No TJSP, a hegemonia do profissionalismo precedeu a incorporação da diferença e estratificou acentuadamente o tribunal. No TRF-3, essa hegemonia não estava constituída, suplantando as marcas de gênero na progressão.

Esta pesquisa singulariza os processos de construção do profissionalismo em cada instituição, compreendendo como ele atuou para constranger ou gerar oportunidades às diferenças e como essas marcas sociais foram significadas pelos operadores e operadoras do Direito. Assim, a abordagem distingue-se daquelas que identificam as desigualdades decorrentes do ingresso das mulheres nas carreiras como o teto de vidro (Kay e Hagan, 1995; Thorton, 1996; Junqueira, 1999); como estratégias de fechamento generificado (Davies, 1996; Mossman, 2003; Bolton e Muzio, 2007); e como gap entre os ganhos de homens e mulheres (Menkel-Meadow, 1989; Epstein et al., 1995). O estudo prioriza as formas como advogadas e advogados, juízas e juízes percebem a diferença entre seus pares, no que se refere aos marcadores de gênero e sexualidade.

A hipótese é de que no exercício privado, em especial nas sociedades de advogados, a ideologia da neutralidade do profissionalismo está mais vulnerável à lógica de mercado e à reprodução de estereótipos sobre a diferença. Nesse sentido, predominaria a percepção de que há preconceito em relação a essas marcas, balanceando a interconexão entre profissionalismo, gênero e sexualidade. Por outro lado, a autonomia da magistratura fortaleceria o profissionalismo nessa interseção, ganhando destaque os discursos da inclusão e diversidade.

Das identidades e desigualdades à diferença na profissão

A literatura sobre a participação das mulheres no mercado profissional problematizou as identidades e as semelhanças partilhadas no mundo do Direito. A condição da prática jurídica foi enfocada a partir das relações sociais de gênero na profissão, reproduzindo no público a ordem privada que acentuava contrastes entre feminino e masculino. Algumas abordagens detiveram-se na análise das desigualdades que acompanharam as advogadas, em termos de mobilidade e remuneração. Outras investigaram a estratificação e a segmentação da carreira.

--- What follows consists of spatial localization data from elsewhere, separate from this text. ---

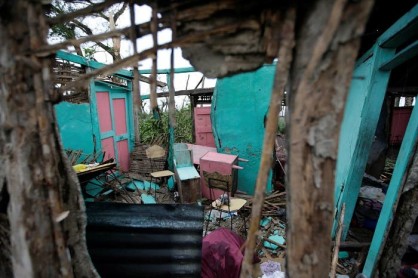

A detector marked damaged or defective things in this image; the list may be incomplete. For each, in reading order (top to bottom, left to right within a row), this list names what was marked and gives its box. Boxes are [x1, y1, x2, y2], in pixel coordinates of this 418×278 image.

broken furniture [171, 144, 201, 203]
broken furniture [201, 152, 243, 200]
broken furniture [203, 170, 247, 236]
broken furniture [86, 202, 204, 278]
rusty metal roofing [86, 202, 204, 278]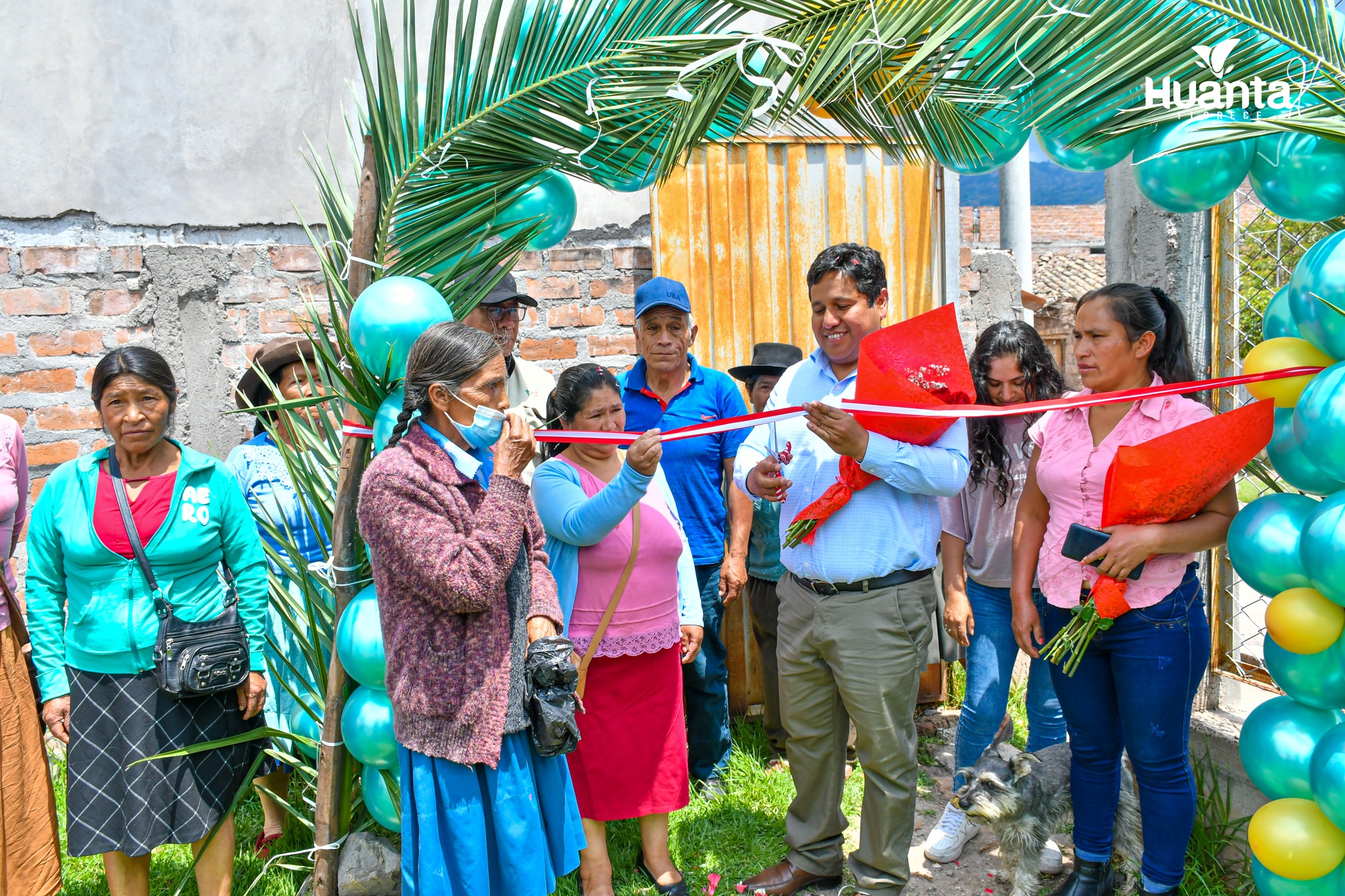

No Brasil, três estudos sociológicos centram-se nas relações sociais de gênero na advocacia. Junqueira (1999) reporta-se ao estudo de Thornton (1996) sobre o teto de vidro na profissão na Austrália, como também a estudos que focalizam a mesma temática em outros países, para pensar as especificidades e as semelhanças com o caso brasileiro. Bonelli et al. (2008), partindo do conceito de script sexuado (Feuvre e Lapeyere, 2005) de progressão na carreira, analisam o impacto desses estereótipos na profissionalização de uma amostra de 216 jovens advogados e advogadas dos escritórios paulistas. Barbalho (2008) procura identificar como a presença feminina nas carreiras jurídicas no Brasil reflete-se no profissionalismo, e qual a influência dessa participação em carreiras consolidadas, a partir da predominância de uma ortodoxia masculina de fazer e pensar o trabalho.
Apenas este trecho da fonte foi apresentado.